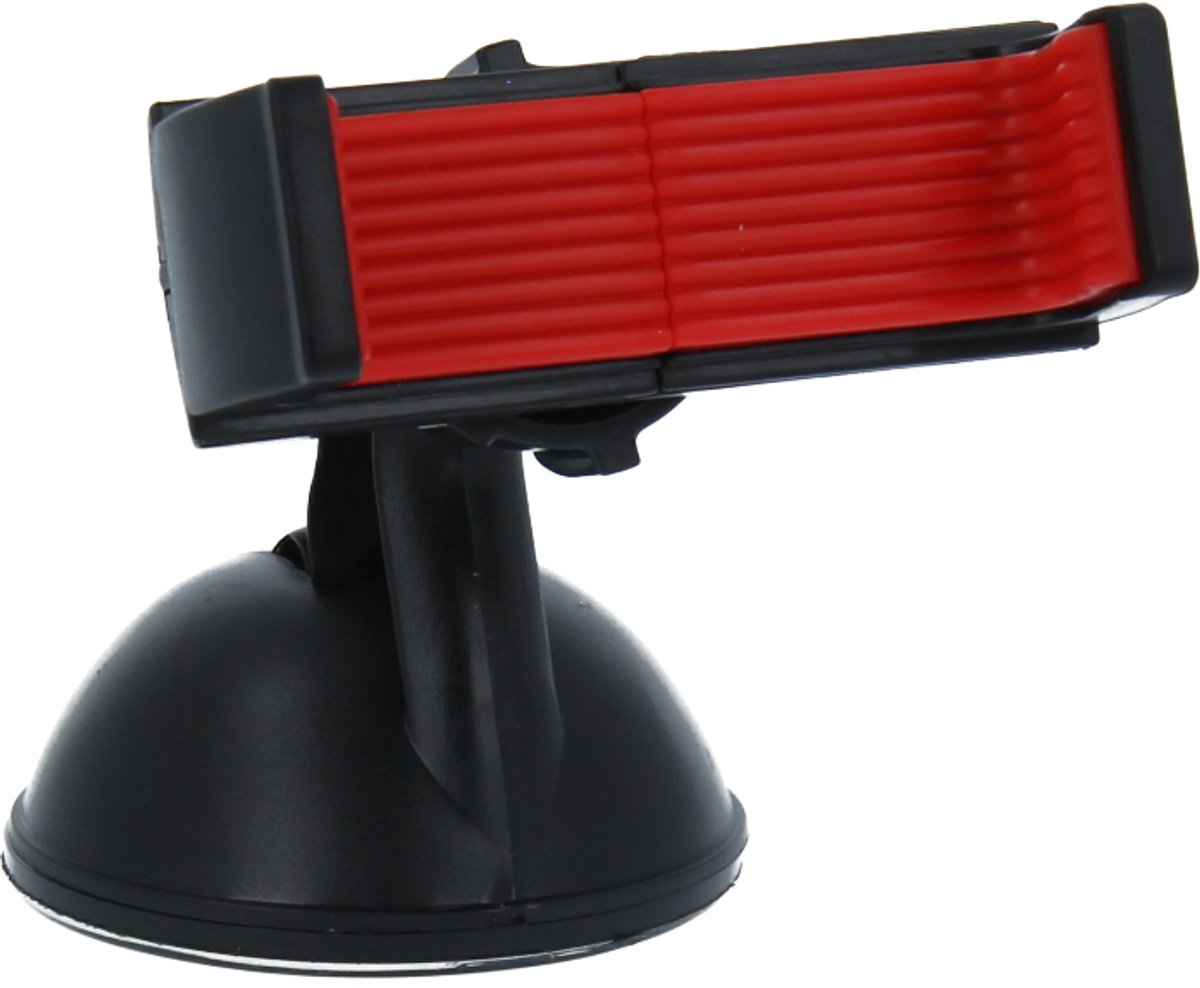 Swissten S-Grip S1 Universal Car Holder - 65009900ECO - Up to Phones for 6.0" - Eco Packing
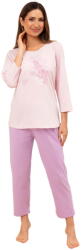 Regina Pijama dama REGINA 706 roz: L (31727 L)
^^^^^^^^
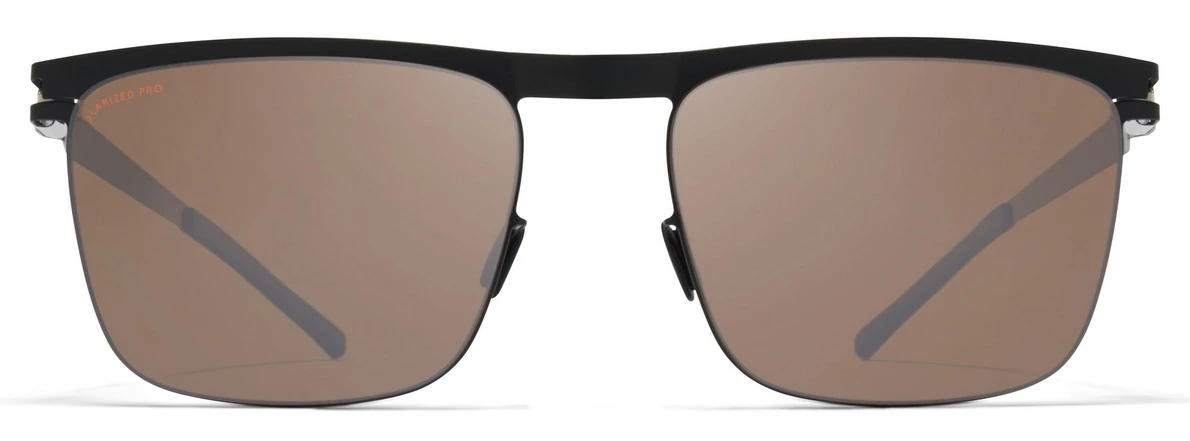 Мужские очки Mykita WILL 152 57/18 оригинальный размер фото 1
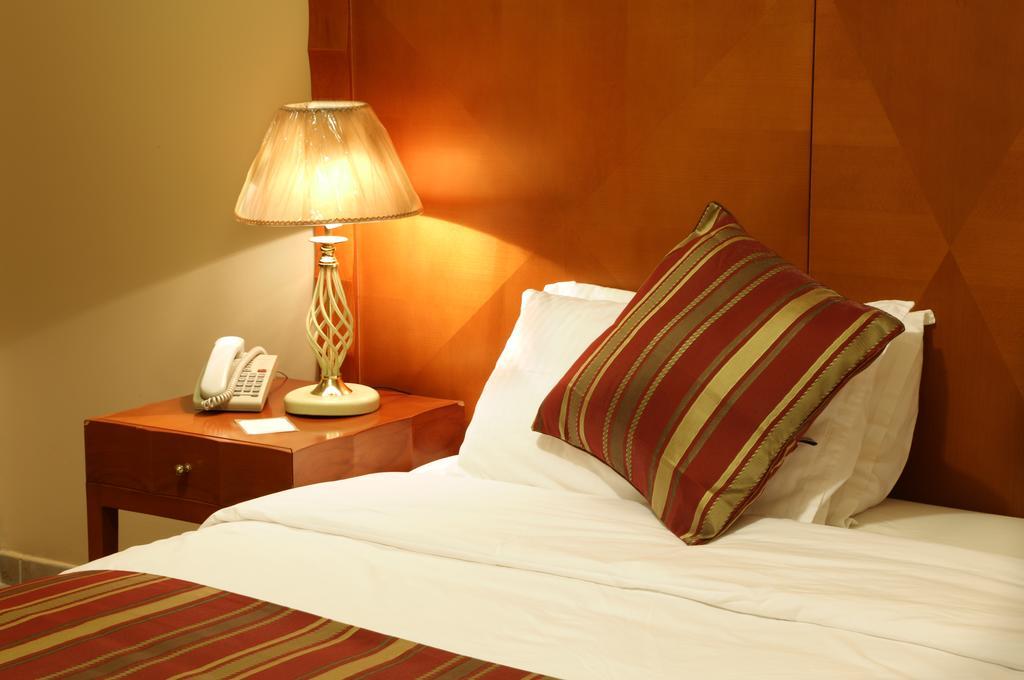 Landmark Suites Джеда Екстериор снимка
^^^^^^^^
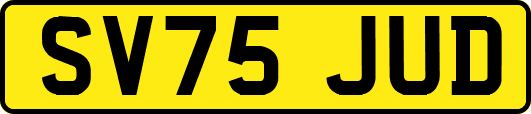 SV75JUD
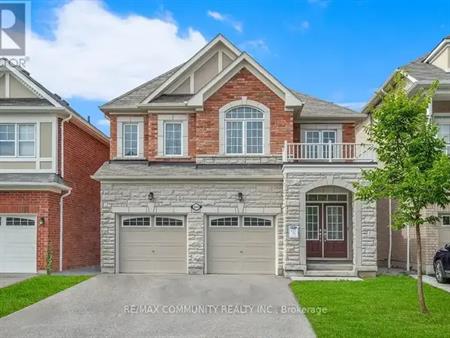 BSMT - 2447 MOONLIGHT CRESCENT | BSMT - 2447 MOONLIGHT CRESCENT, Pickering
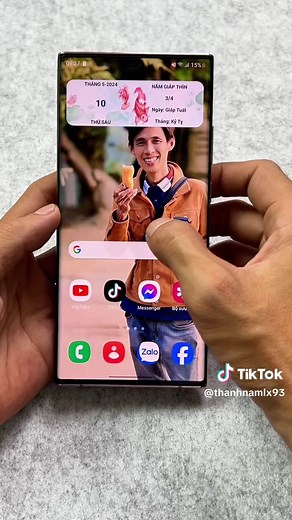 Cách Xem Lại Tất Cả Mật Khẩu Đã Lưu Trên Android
^^^^^^^^
● **Assignment**
Out of the records above, please copy exactly the lines from the line with "Swissten S-Grip S1" up to and including the line with "Regina Pijama dama", minus the pictures.

● **Output of the exercise**
 Swissten S-Grip S1 Universal Car Holder - 65009900ECO - Up to Phones for 6.0" - Eco Packing
 Regina Pijama dama REGINA 706 roz: L (31727 L)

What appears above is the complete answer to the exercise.